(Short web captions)
============================================================

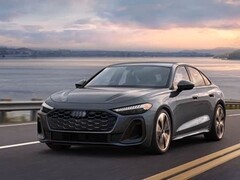 奥迪新款A5/S5发布：智能座舱升级，2026年上市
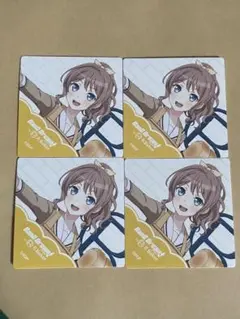 BanG Dream! R Baker 山吹沙綾 特典 ピック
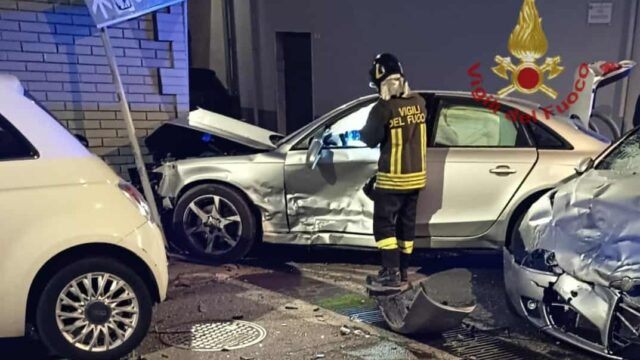 incidente domusnovas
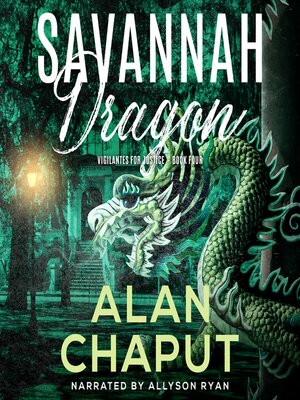 cover image of Savannah Dragon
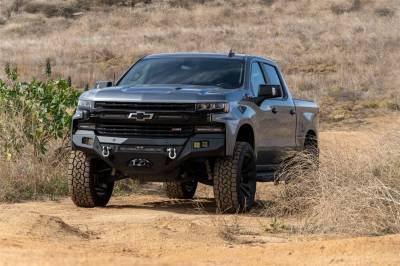 DV8 Offroad - DV8 Offroad FBCS1-07 Spec Series Front Bumper - Image 24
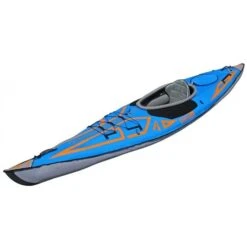 Advanced Elements Advanced Frame Expedition TM Elite Kajak Luftboot Ocean Blue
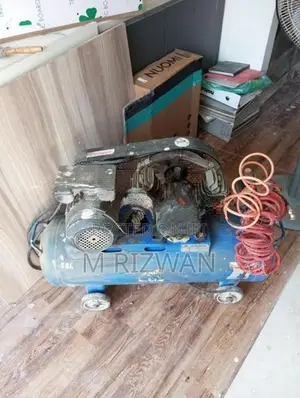 Lion 58L Compressor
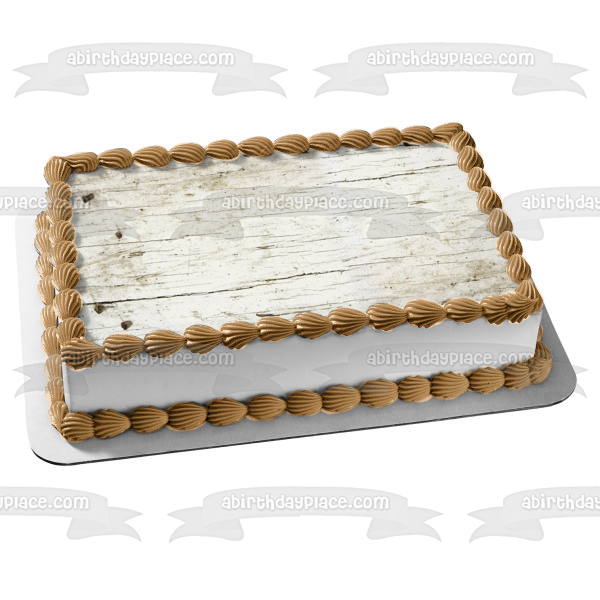 Custom Clear Acrylic Cake Topper, BIRCH HILL DESIGNS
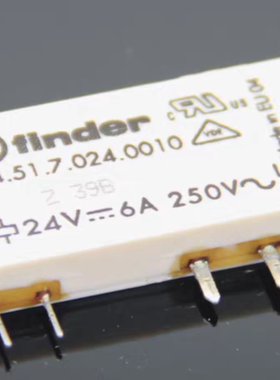 原装34.51.7.024.0010,DC24V意大利进口finder芬德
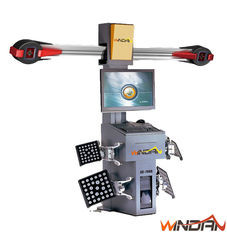 Quality Max. Rim 22'' Rear Wheel Alignment With Electrical Control lift , Auto Maintenance Equipment for sale
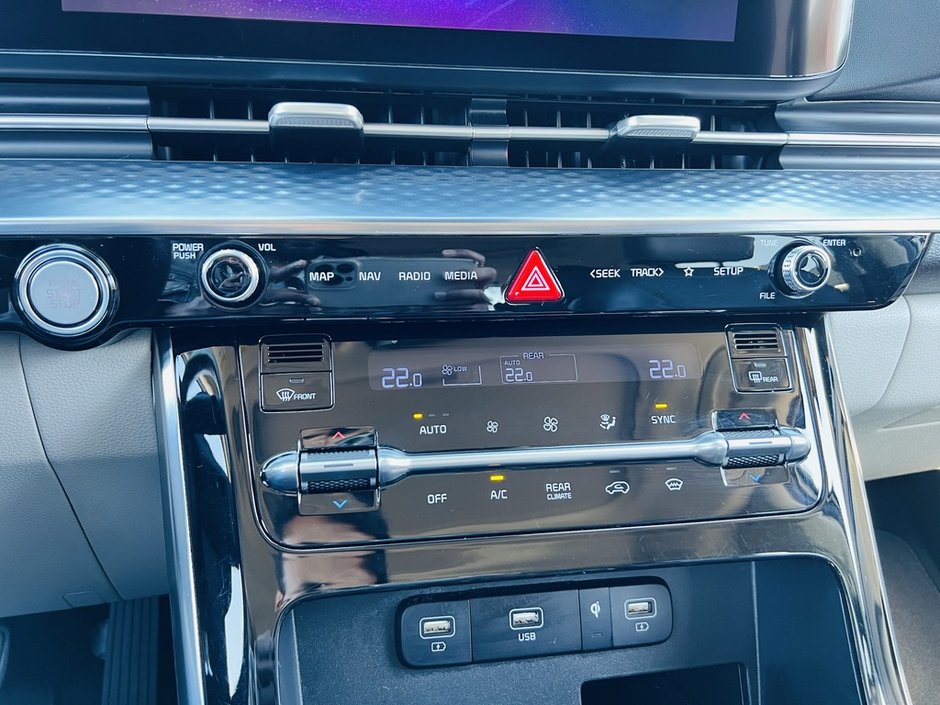 2022 Kia Carnival SX-58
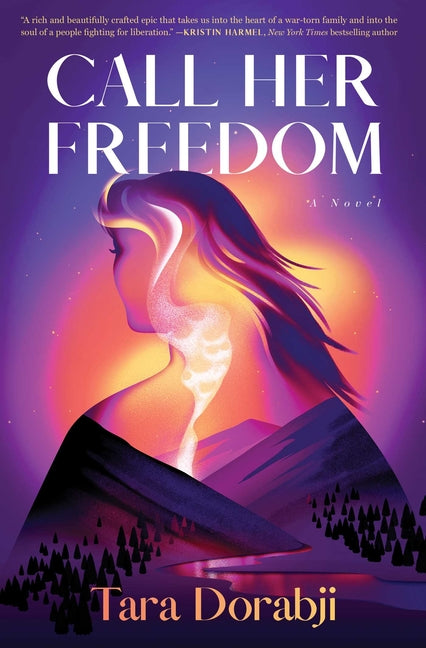 Book cover for Call Her Freedom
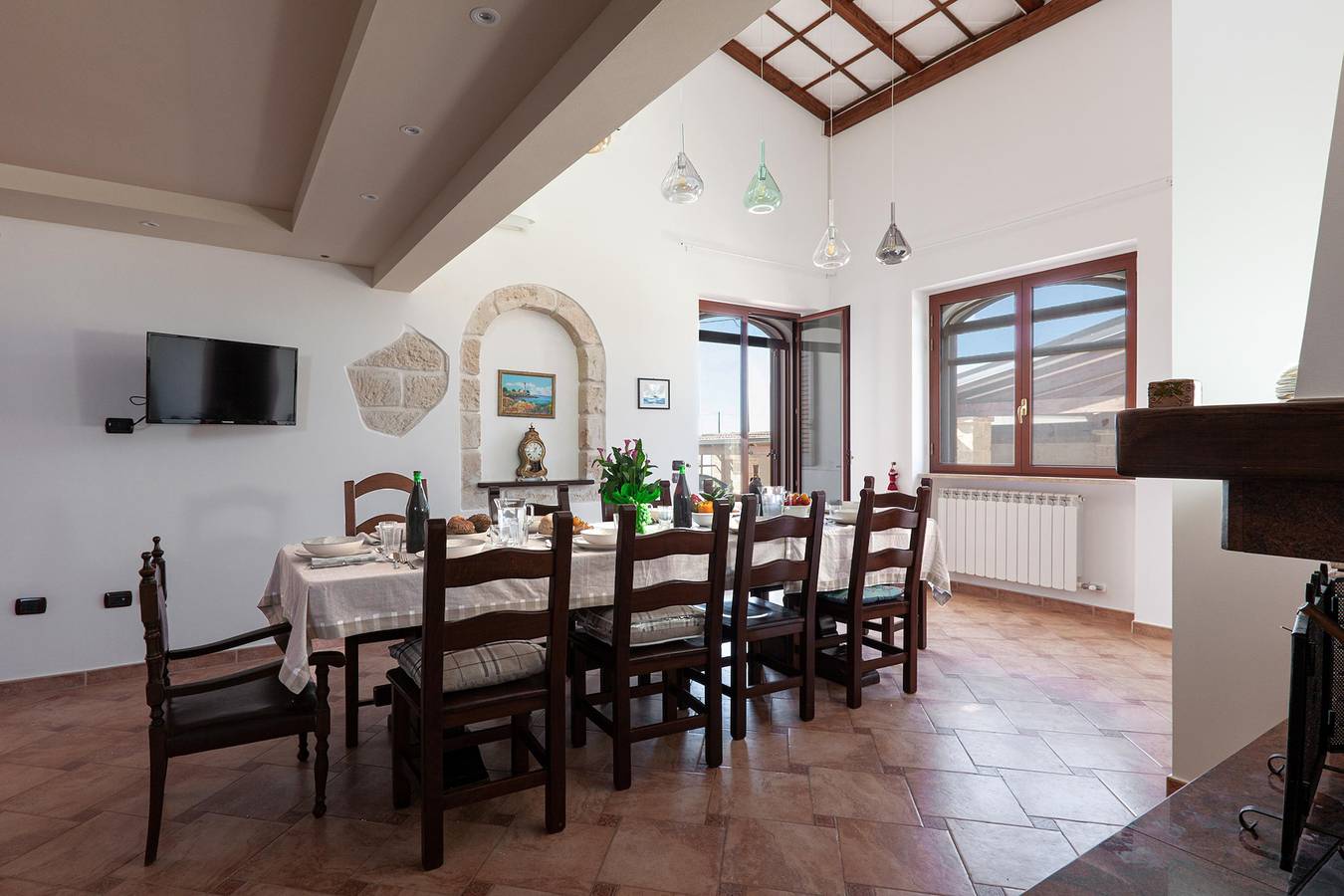 Tenuta San Cassiano With Garden And Pool in San Cassiano (Apulien), Lecce Provinz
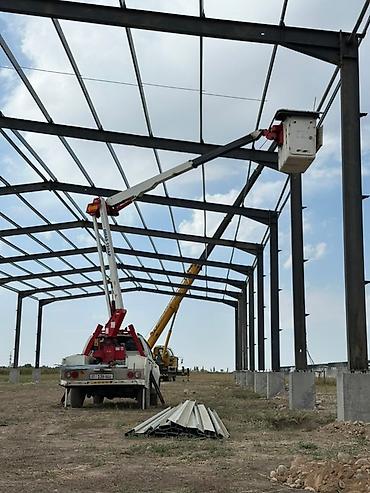kran: Автовышка Автовышки Вышка Вышки Адам которгуч Sky lift — 4
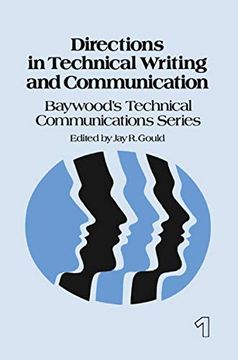 portada Directions in Technical Writing and Communication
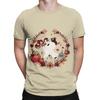 Spooky Wishes Cute Halloween Ghost Classic Funny Graphic 100 Cotton Tshirt Halloween Tops Tees For Unisex
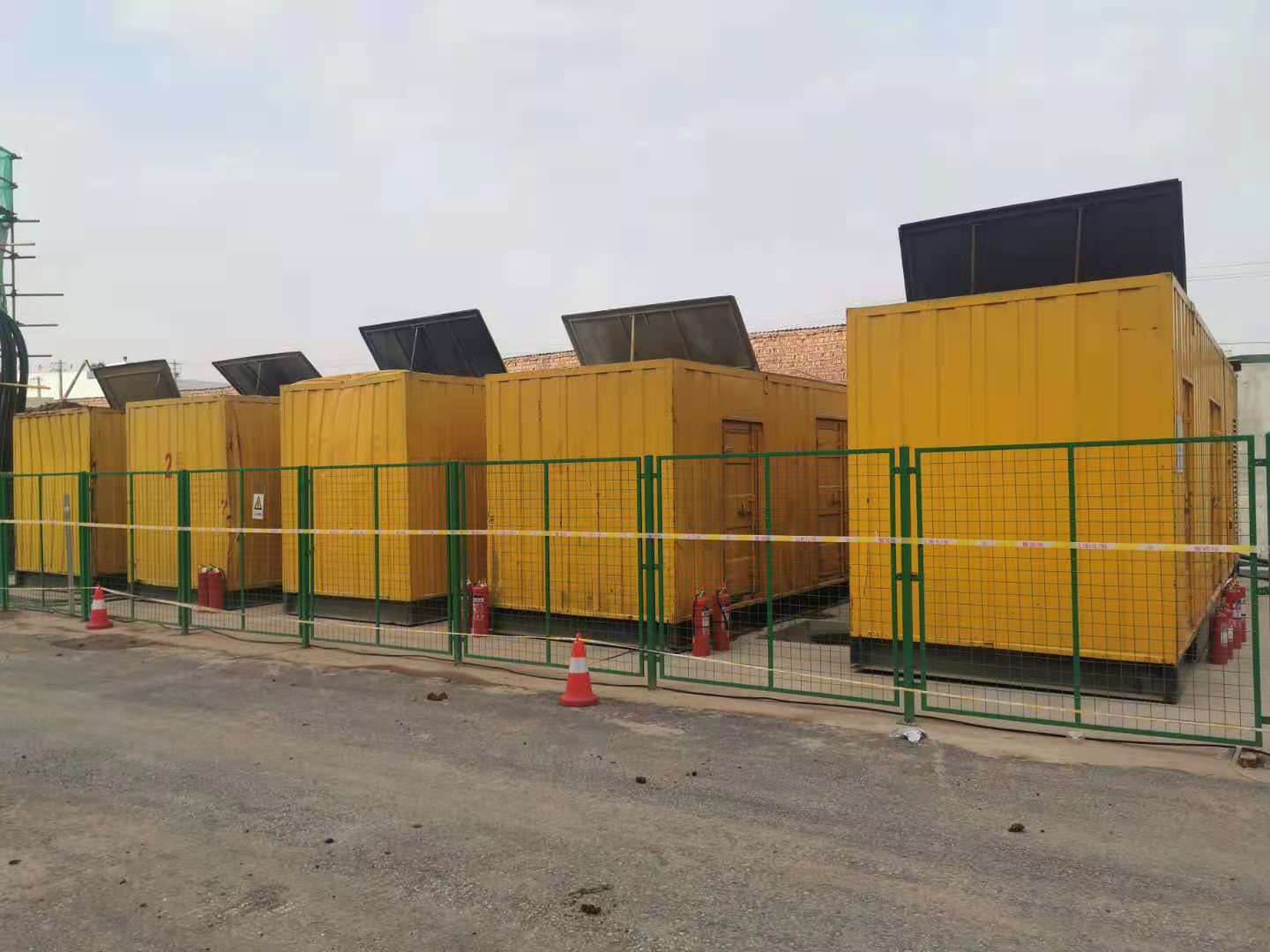 武定租赁发电机-延长柴油发电机寿命的方法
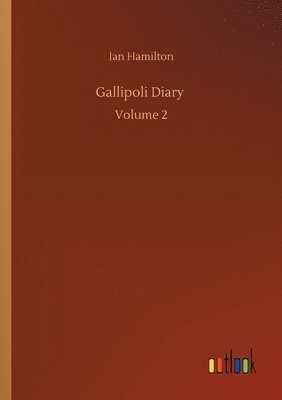 Gallipoli Diary 1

============================================================

Work instructions -
Skipping any pictures, copy the line that holds "portada Directions in" and each line after it through the last line of the records, unchanged, and no other lines.

Solved problem -
 portada Directions in Technical Writing and Communication
 Spooky Wishes Cute Halloween Ghost Classic Funny Graphic 100 Cotton Tshirt Halloween Tops Tees For Unisex
 武定租赁发电机-延长柴油发电机寿命的方法
 Gallipoli Diary 1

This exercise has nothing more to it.